Sono nato il 19 novembre 1956 a Trento, nella città dove ora vivo e lavoro. Dopo la maturità classica mi sono laureato a Bologna in filosofia e grazie a una borsa di studio ho potuto perfezionare la mia formazione a Trento, Innsbruck e Monaco. Per sette anni ho insegnato filosofia e storia nei licei. Dal 1991 al 2000 ho lavorato come ricercatore e poi come professore associato di Filosofia Politica all’Università di Padova prima di essere chiamato nel 2001 come professore ordinario all’Università di Trento dove insegno Filosofia Politica presso la Facoltà di Lettere e Filosofia e la Scuola di Studi Internazionali.
Nel corso della mia vita accademica ho trascorso periodi di ricerca presso diverse università europee (Cambridge, Exeter, St. Andrews, Cork, Freiburg i.B., Leuven) e ho insegnato alla Notre Dame University nell’Indiana (USA). Mi sono occupato di questioni di etica pubblica (in particolare di etica politica e sociale) e di teoria politica affrontando questioni come il rapporto tra la politica e il male e tra religione e politica. I miei lavori scientifici si trovano elencati sul mio sito presso l’università di Trento.
All’interno del mondo universitario ho avuto incarichi direttivi e di coordinamento di progetti di ricerca nazionali e internazionali. Uno di questi si chiama “Euroethos“: con altre 7 università partner in Europa abbiamo studiato come i diversi paesi accolgono nei loro ordinamenti le richieste di obiezione di coscienza e di esenzione dagli obblighi di legge sulla base di ragioni etiche e religiose.

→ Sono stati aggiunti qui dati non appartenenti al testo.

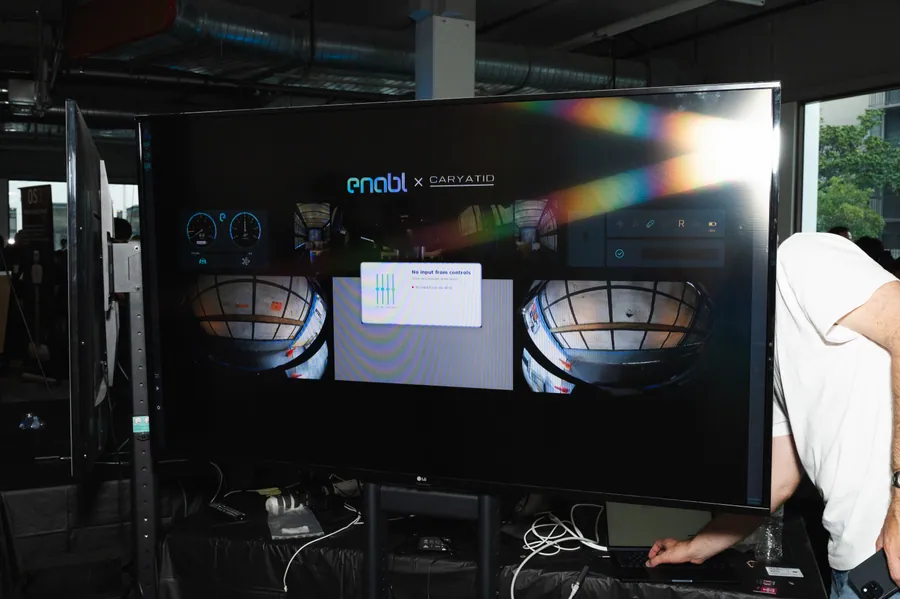 Photo 53 of 389 from The Hardware Showcase of San Francisco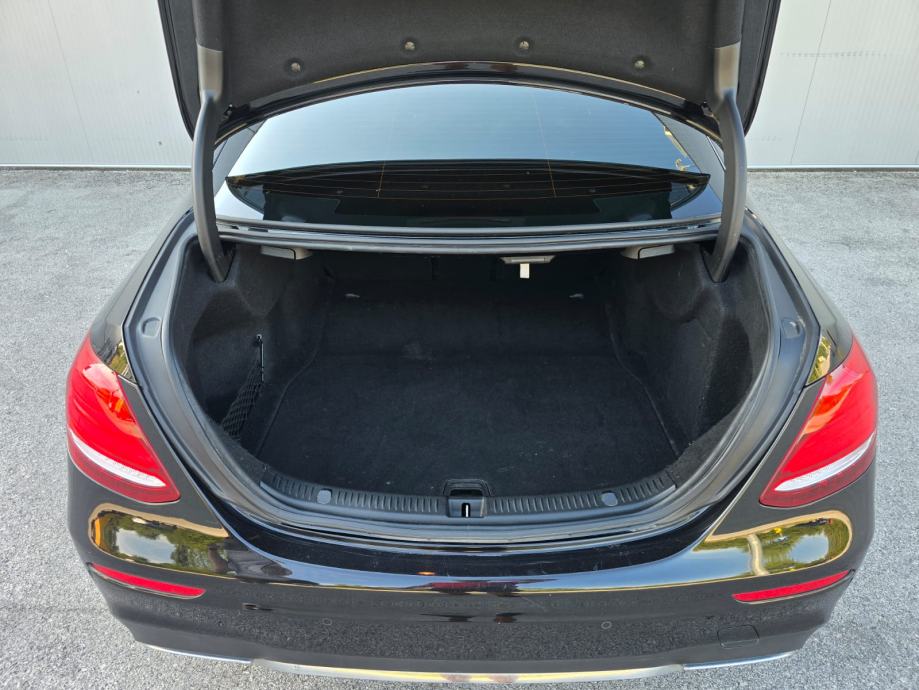Mercedes-Benz E-klasa 220d AMG, Full Oprema, Top Stanje, Servisna!, fotografija 10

Sono sposato e ho tre figli. Mia moglie, Maria Videsott, è insegnante di Musica e musicoterapista. Giovanni Jacopo ha 21 anni, Tommaso Filippo 18, Anna Elena 10.
Oltre agli impegni professionali e familiari ho sempre coltivato l’impegno civile sia a livello locale che nazionale. A Trento sono stato tra i fondatori del gruppo studentesco “Istanze di Base. Gruppo Milani”, della rivista e della casa editrice “Il margine”. A livello nazionale sono stato socio attivo della Lega Democratica e assieme a Paolo Giuntella ho contribuito a fondare la “Rosa Bianca” di cui sono stato anche Presidente Nazionale. Membro della Presidenza Nazionale della Fuci, ho fatto il Condirettore della rivista “Ricerca”. Ho sempre coltivato le attività di educazione e formazione anche come capo scout dell’Agesci e come formatore in numerosissime occasioni regionali e nazionali. Come appassionato di montagna sono socio della SAT, sezione del Club Alpino Italiano.
Sono tra i fondatori dell’Associazione per il Partito Democratico di Trento e quando è nato il Partito Democratico sono stato eletto membro dell’Assemblea Costituente Nazionale.

Sito personale

Le risposte di Michele Nicoletti alle nostre domande:

Europa e Integrazione europea

1) Secondo lei, l’obiettivo dell’Europa deve essere la creazione di uno Stato Federale Europeo? Lei è favorevole a questa prospettiva in tempi brevi?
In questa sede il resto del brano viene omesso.